Colorado didn't, but Nebraska murdered the Jayhawks with an unprecedented aerial attack during Saturday night's 63-7 television-turner-offer.
"I think the perception out there is we can't throw it ... or catch it," Osborne said. "I've been seeing things in practice that make me believe we can. I think we can do it."
Still, statistics don't lie and the Cornhuskers ranked No. 104 out of 111 NCAA Division I-A teams in passing going into Saturday night's game.
They'll climb into double digits after Scott Frost's career night -- 12 of 16 completions for 254 yards and three touchdowns. And now, Osborne feels, teams will be reluctant to think the Huskers' attack is one-dimensional.
"Everyone feels because of what Arizona State and Texas Tech did against us that everyone is going to have eight or nine people close to the line of scrimmage," Osborne said. "So we felt we had to try to do some things to get people off our back."

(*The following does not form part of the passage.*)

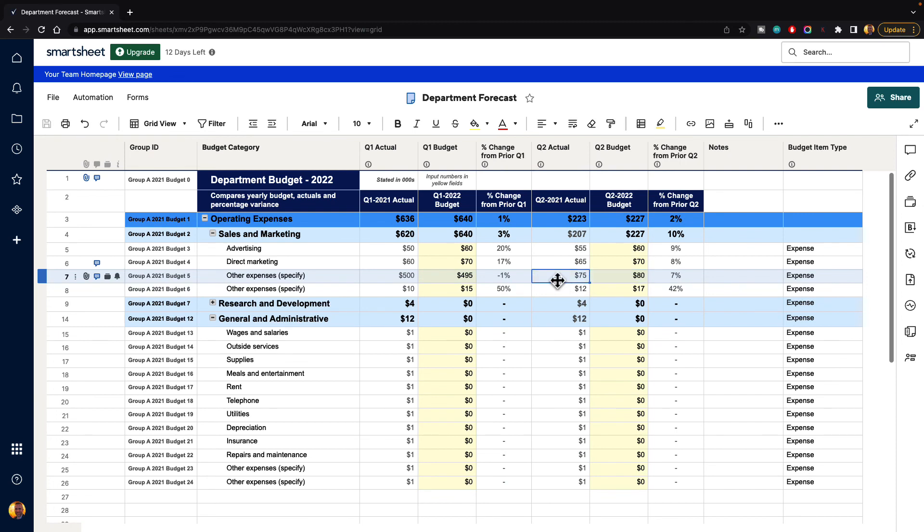So that will lock down the data so that anyone else won't be able to edit it. And that is how you do that in Smartsheet.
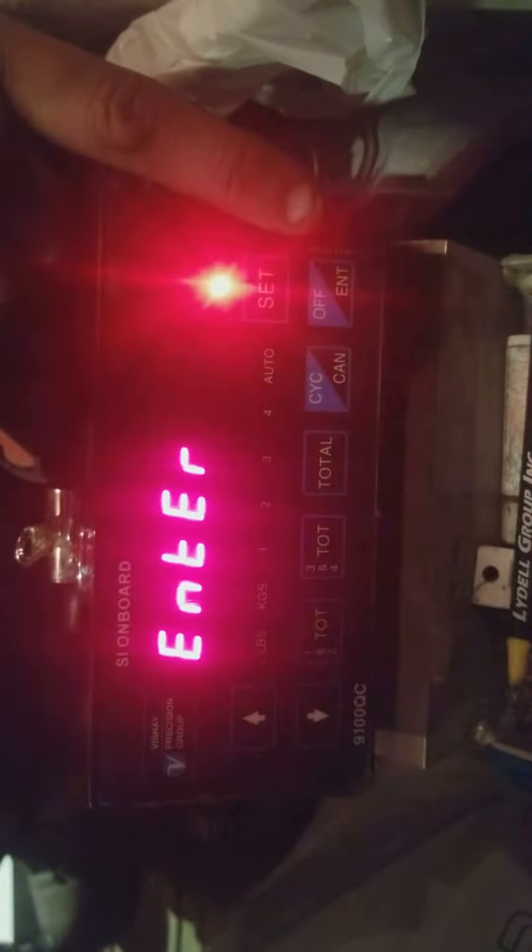Okay, go for it. So hit your set button. Go up to full one. Hit enter. Adjust your full weight and then hit enter again.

That gorilla turned into a chimp.
"This is a big confidence builder," said Frost who is still remembered for his bumbling performance during the Huskers' stunning 19-0 loss to Arizona State in Tempe. "If we're going to be a great offense, that's what we have to do."
Two of Frost's TD passes went to Brendan Holbein who also caught one of Frost's four TD passes prior to the Kansas game.
"It was really gratifying to see the passing game click," Holbein said. "They're all gonna put seven, eight, nine guys in the box, and if we prove we can beat people downfield, we'll be pretty tough the second half of the season."
Meanwhile, Nebraska's defense made only one mistake. KU's Isaac Byrd beat cornerback Ralph Brown on a 77-yard touchdown pass.
"Ralph got beat and that's gonna happen. That's fine," NU defensive coordinator Charlie McBride said. "He'll learn from that."
Nebraska stuffed Kansas' running game. It's questionable whether June Henley, who was suspended and didn't make the trip, would have made any difference. NU defensive lineman Grant Wistrom didn't think so.
"It doesn't matter if it was Eric Vann or June," Wistrom said. "They have a little different styles, but we prepared for the same scheme."
Kansas gained 55 yards on the ground, lost 34 and finished with 21 -- the Jayhawks' low-water mark of the season by far.
"I was a little concerned after the Texas Tech game last week," McBride said. "We won, but we didn't play good and it was almost like we lost."
If that 19-0 loss at Arizona State wasn't a wake-up call, apparently the 24-10 win over Texas Tech was.
"I thought the focus and concentration the last 24 hours was much better than at Tech," Osborne said. "We seemed to be more sure of what we wanted to do ... to be a great football team."